Мы незаметно дошли до Покровских ворот и, поскольку разойтись просто так показалось мне не совсем удобно, я позвал Ольгу в стеклянное заведение, светившееся напротив, выпить по чашке кофе. Предварительно я ей напомнил о восьмичасовом свидании, и она созналась, что сочинила это свидание, как говорится, на всякий пожарный случай, то есть на тот случай, если бы ей потребовалось отделаться от меня. Это признание мне понравилось.
В течение того времени, что мы пили кофе, ничего интересного сказано не было, но когда мы вышли из стеклянного заведения и двинулись аллеями Чистопрудненского бульвара, Ольга вдруг завела разговор, который натолкнул меня на одно замечательное обобщение. Довольно долго Оля молчала, но по особому напряжению, исходившему от нее, я чувствовал, что сейчас она что-то скажет. Мы дошли до какой-то зеленой будки, и Оля сказала, глядя куда-то вдаль:
— Меня немного беспокоит, что вы думаете о Саше. Он вам, наверное, странным показался…

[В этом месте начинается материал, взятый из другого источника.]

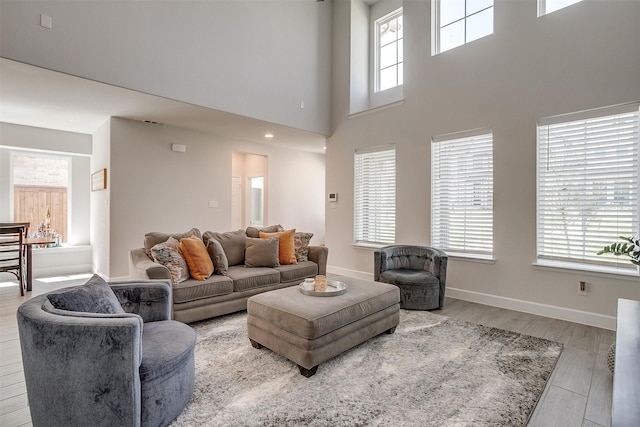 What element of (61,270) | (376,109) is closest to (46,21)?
(376,109)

— Да нет, — сказал я, — мужик как мужик. Художник — а с художников взятки гладки.
— Ведь он совсем отшельником живет. К нему никто не ходит, вы понимаете — никто! Он поэтому так и перепугался сначала. А когда мы уходили, он чуть не расплакался, вы этого, наверное, не заметили, а он правда чуть не расплакался. Я его ужасно жалею, но… это, конечно, нехорошо так говорить о родном брате: я его жалею, но не люблю. Я, наверное, напрасно это сказала, да?

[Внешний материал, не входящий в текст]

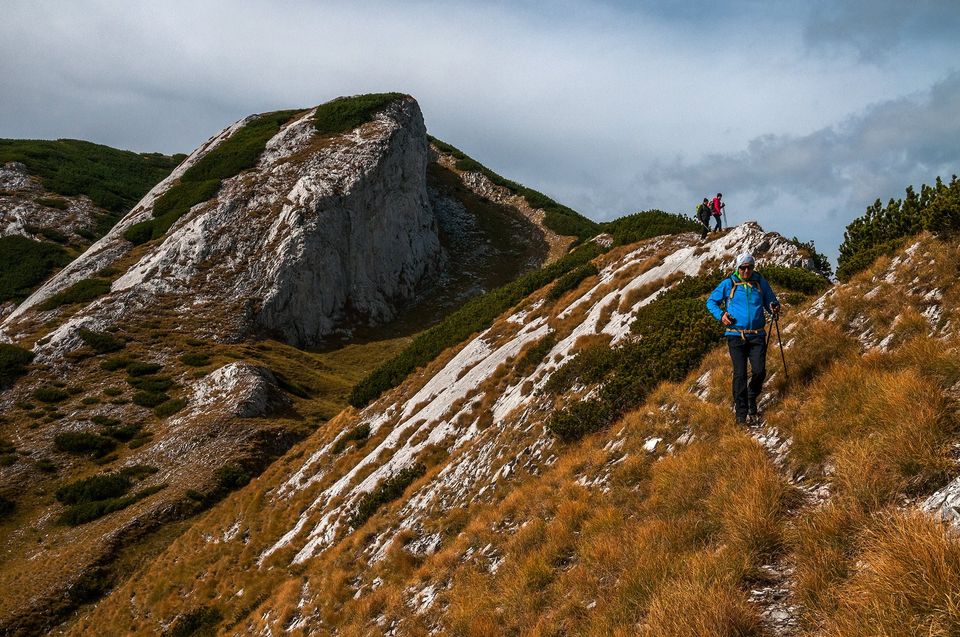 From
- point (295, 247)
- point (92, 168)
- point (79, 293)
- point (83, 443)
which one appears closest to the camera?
point (83, 443)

Я ничего не ответил; я побоялся случайным словом направить ее монолог в искусственное русло и промолчал.
— Мне сегодня почему-то ужасно хочется говорить. Так, чтобы выговориться до дна. Какое-то нервное у меня сегодня настроение, вот я говорю, а в животе как будто птичка бьется — наверное, это вы на меня так действуете…
И это признание мне понравилось; я застенчиво улыбнулся и стал на ходу закуривать сигарету.

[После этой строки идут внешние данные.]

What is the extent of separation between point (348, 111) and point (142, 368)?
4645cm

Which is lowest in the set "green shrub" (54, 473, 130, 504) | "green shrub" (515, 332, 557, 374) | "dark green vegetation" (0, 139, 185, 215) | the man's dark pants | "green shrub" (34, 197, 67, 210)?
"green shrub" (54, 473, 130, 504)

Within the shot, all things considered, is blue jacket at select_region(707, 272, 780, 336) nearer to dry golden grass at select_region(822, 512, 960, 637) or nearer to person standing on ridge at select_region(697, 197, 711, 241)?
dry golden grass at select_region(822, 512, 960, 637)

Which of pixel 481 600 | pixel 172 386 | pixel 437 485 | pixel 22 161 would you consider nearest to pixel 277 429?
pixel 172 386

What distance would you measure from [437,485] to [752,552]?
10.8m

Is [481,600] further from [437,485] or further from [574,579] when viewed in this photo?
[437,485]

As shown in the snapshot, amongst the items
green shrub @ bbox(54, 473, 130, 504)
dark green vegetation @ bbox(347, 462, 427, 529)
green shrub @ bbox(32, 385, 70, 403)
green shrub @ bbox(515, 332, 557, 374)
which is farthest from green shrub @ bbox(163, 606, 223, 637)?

— Вы знаете, самое интересное то, что у меня есть конкретные основания не любить Сашу. В этом, собственно, и заключается вся странность; если бы я его беспричинно не любила, то это было бы еще ничего, потому что такое между родственниками бывает, но я его, так сказать, причинно, обусловленно не люблю. Я только оговорюсь, что я его не люблю не в смысле присутствия ненависти, а в смысле отсутствия любви.
В этом месте я не сдержался и вставил никому не нужное замечание:
— Ваша сестра, — сказал я, — всегда найдет, к чему прицепиться.
— Нет, это очень веские основания. Вот я сейчас скажу, какие именно, и вы со мной согласитесь. Дело в том, что он меня пугает, а пугает он меня потому, что я уверена: ему что-то такое известно, что никому из нас не известно. Вот покажите мне цветок и скажите, что этот цветок думает, как человек, чувствует, как человек, и я его невзлюблю, как Сашу. Но цветок хоть помалкивает, а Саша всегда выпячивает, что ему известно то, что никому из нас не известно. Он поэтому и насмехается над всеми: стрижется наголо, дворником работает, в валенках ходит круглый год…
— Я что-то не соображу: а что ему, собственно, известно-то? — спросил я.
— Не знаю, — сказала Ольга. — Возможно, он понимает, что означает — жить.
— Судя по Сашиной комнате, я бы этого не сказал.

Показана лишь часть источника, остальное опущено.